EXERCISE AIM: With the pictures left out, restate exactly the part below that opens with the line containing "BRUNSBÜTTEL from above" and closes with the line containing "Megan Everett and".

AVAILABLE RECORDS:
BEGIN
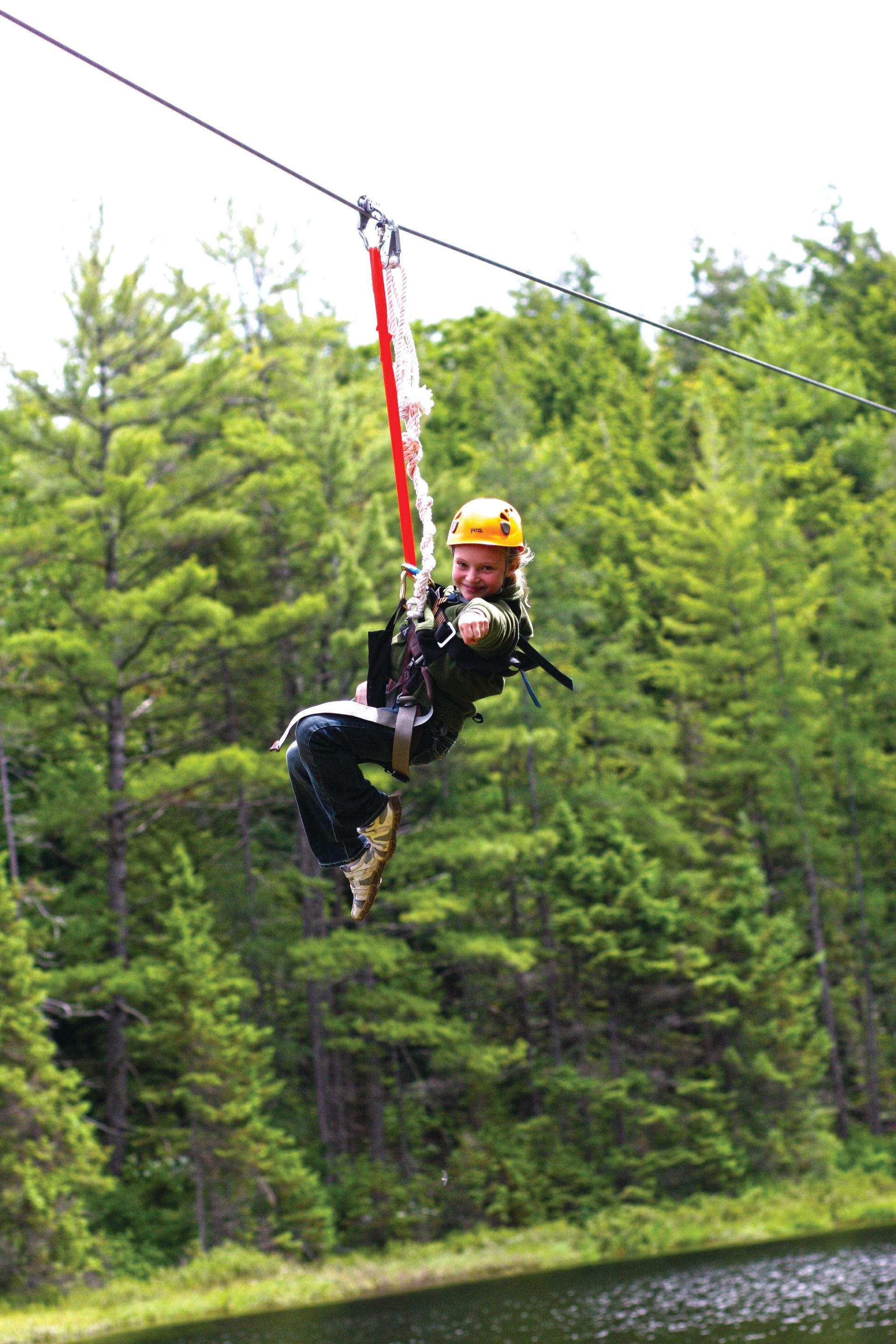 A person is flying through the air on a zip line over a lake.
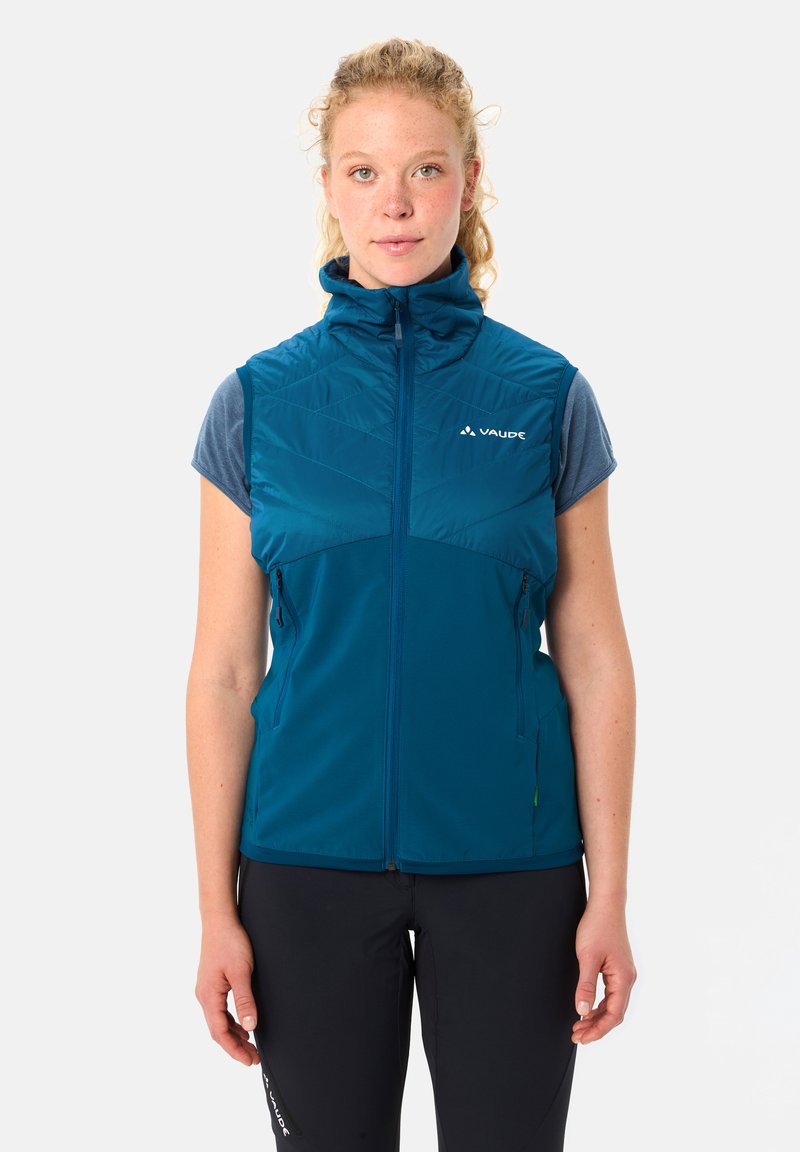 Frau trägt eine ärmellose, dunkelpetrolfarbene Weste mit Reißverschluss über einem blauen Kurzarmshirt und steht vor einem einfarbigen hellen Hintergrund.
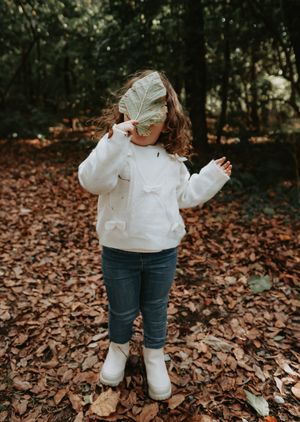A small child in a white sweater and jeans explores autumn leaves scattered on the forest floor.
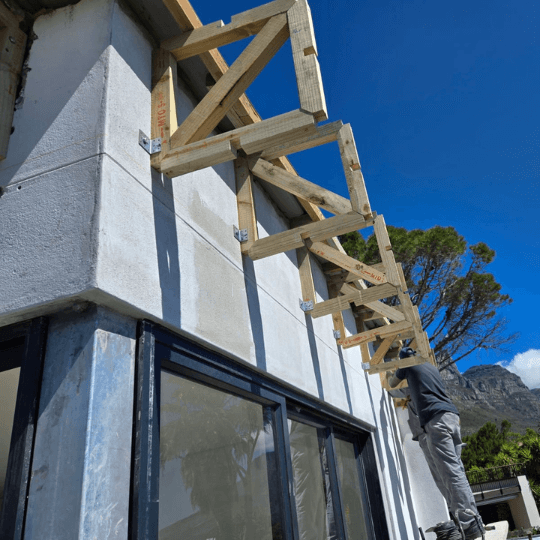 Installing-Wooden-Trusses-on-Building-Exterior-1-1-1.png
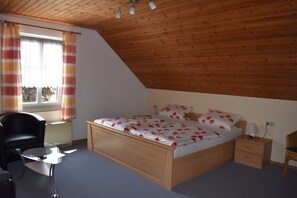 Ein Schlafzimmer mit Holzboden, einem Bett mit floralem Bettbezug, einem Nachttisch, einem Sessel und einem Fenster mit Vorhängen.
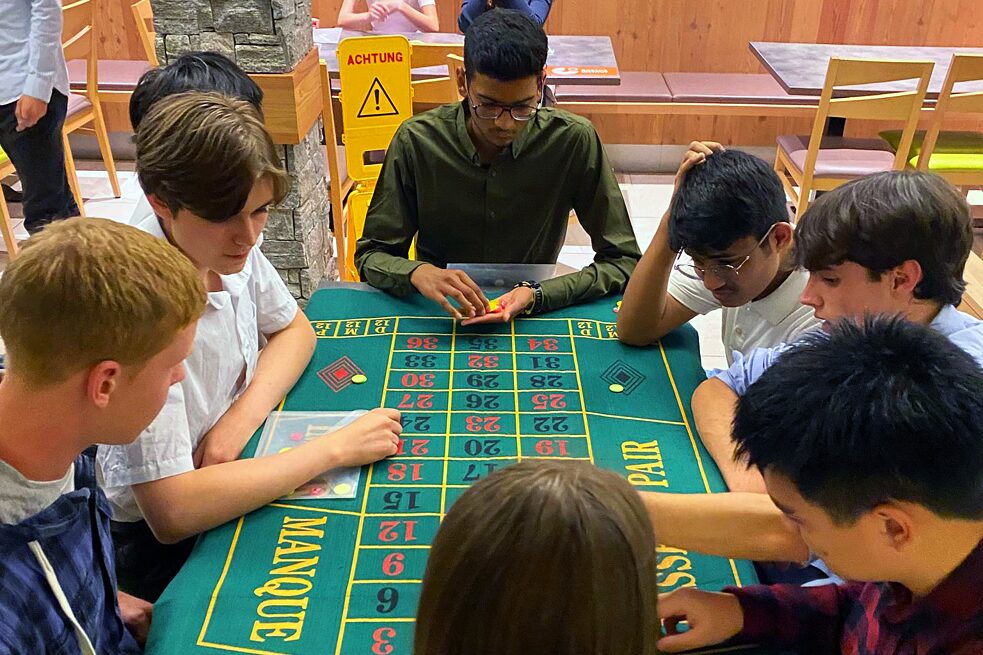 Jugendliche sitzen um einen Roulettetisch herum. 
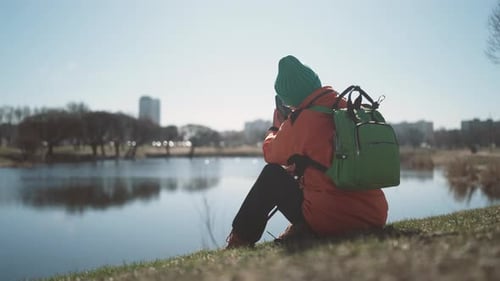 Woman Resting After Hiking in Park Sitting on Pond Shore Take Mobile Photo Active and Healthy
END
BEGIN
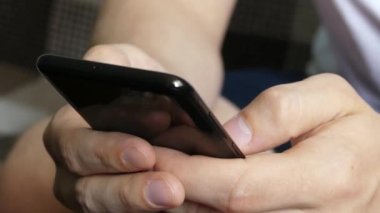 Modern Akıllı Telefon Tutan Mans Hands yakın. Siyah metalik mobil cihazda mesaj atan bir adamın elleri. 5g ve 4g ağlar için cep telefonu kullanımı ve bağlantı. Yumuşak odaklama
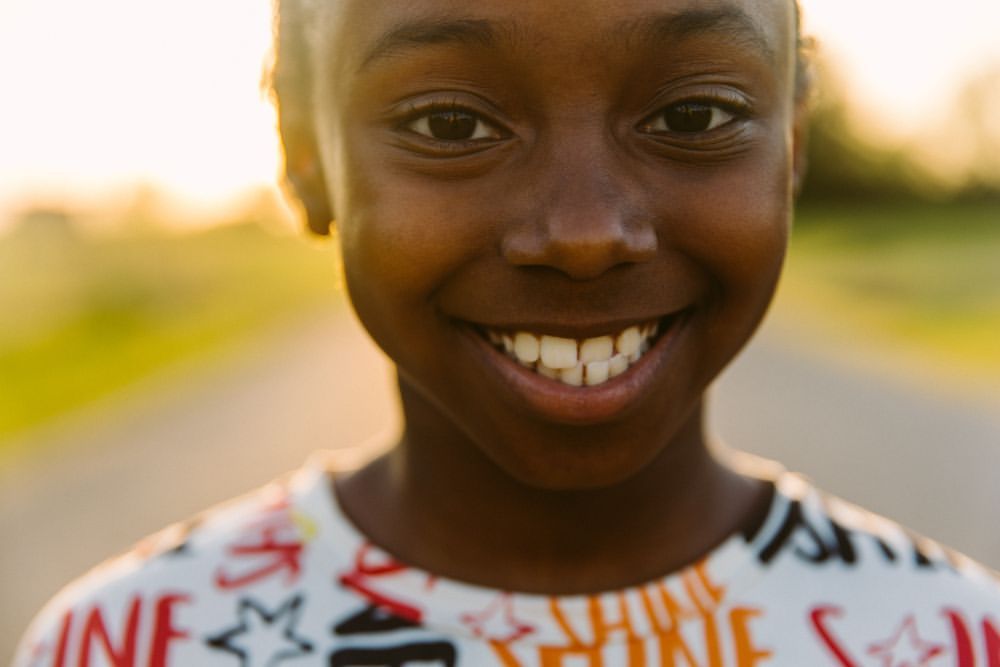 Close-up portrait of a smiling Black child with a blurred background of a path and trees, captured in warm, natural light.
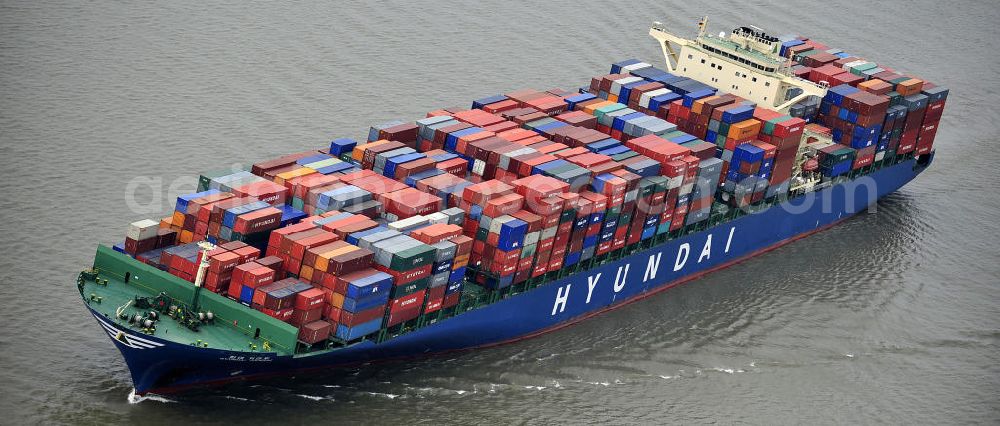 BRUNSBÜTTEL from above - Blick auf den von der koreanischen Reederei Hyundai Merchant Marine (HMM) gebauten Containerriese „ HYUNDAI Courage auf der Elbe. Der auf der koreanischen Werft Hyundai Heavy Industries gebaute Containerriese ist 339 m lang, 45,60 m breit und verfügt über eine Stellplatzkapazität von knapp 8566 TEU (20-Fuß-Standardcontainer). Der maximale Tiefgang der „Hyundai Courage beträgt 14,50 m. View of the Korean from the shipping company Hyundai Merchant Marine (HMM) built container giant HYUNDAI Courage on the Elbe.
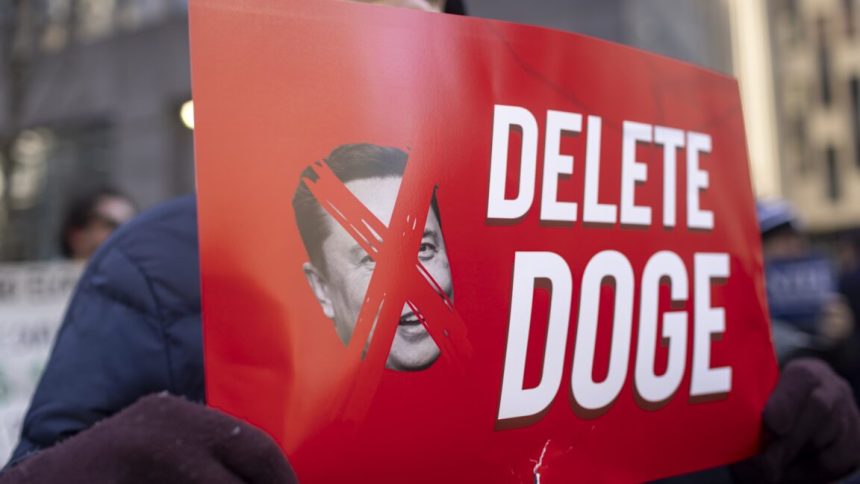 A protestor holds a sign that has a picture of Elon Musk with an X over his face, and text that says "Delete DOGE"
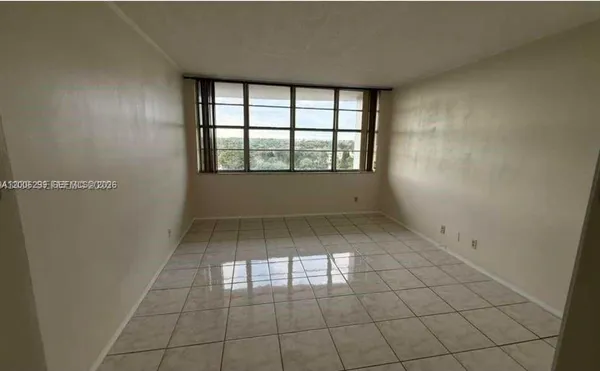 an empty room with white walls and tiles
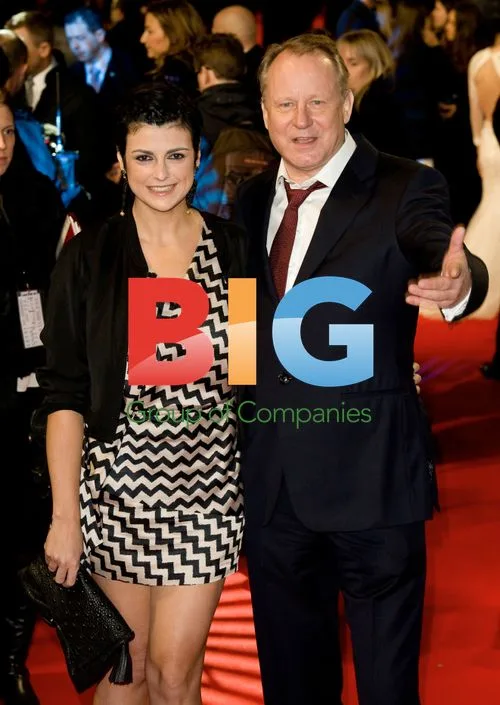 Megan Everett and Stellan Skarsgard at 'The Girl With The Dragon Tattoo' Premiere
END
BEGIN
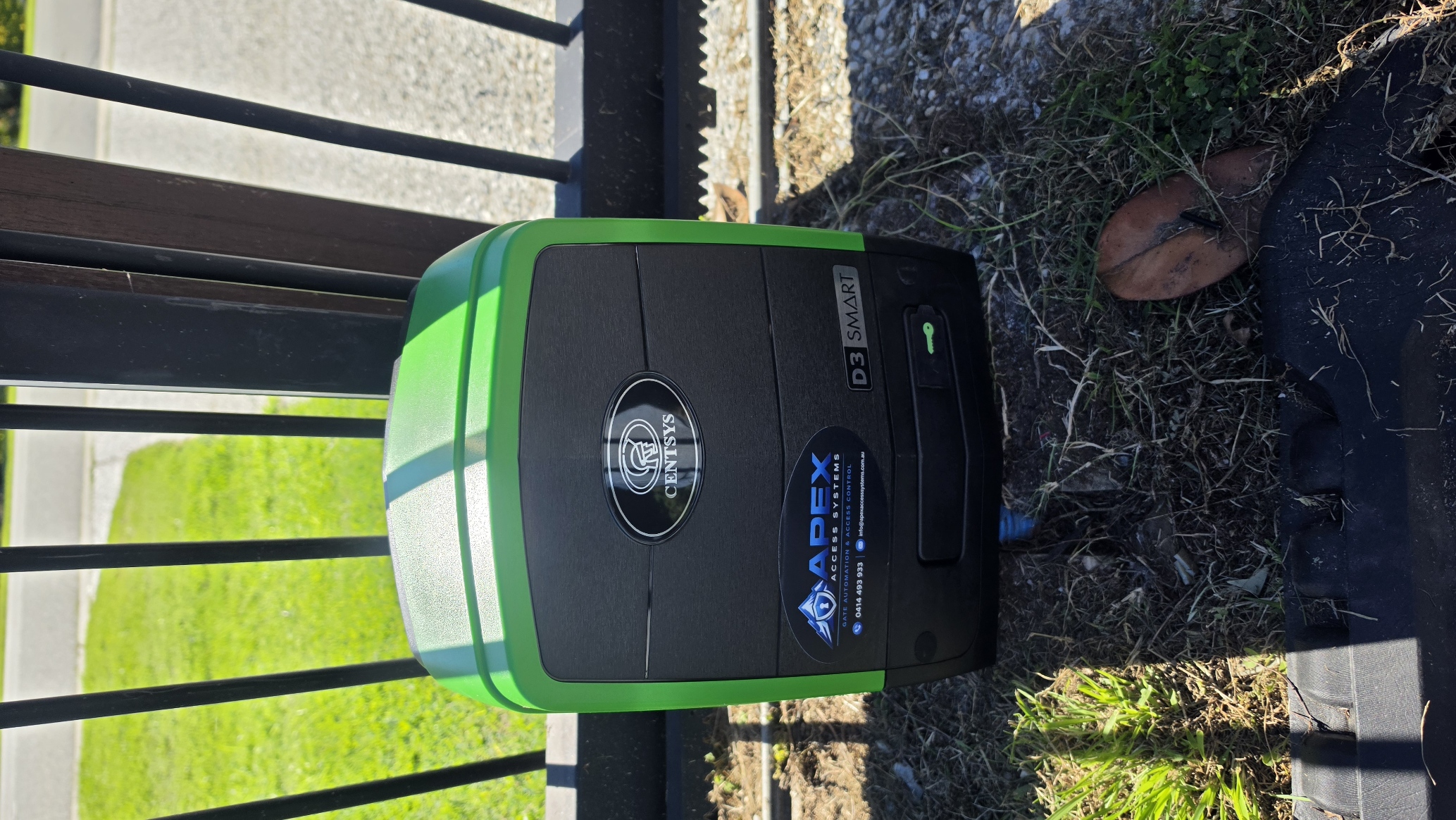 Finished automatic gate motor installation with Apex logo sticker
END
TASK RESPONSE:
 BRUNSBÜTTEL from above - Blick auf den von der koreanischen Reederei Hyundai Merchant Marine (HMM) gebauten Containerriese „ HYUNDAI Courage auf der Elbe. Der auf der koreanischen Werft Hyundai Heavy Industries gebaute Containerriese ist 339 m lang, 45,60 m breit und verfügt über eine Stellplatzkapazität von knapp 8566 TEU (20-Fuß-Standardcontainer). Der maximale Tiefgang der „Hyundai Courage beträgt 14,50 m. View of the Korean from the shipping company Hyundai Merchant Marine (HMM) built container giant HYUNDAI Courage on the Elbe.
 A protestor holds a sign that has a picture of Elon Musk with an X over his face, and text that says "Delete DOGE"
 an empty room with white walls and tiles
 Megan Everett and Stellan Skarsgard at 'The Girl With The Dragon Tattoo' Premiere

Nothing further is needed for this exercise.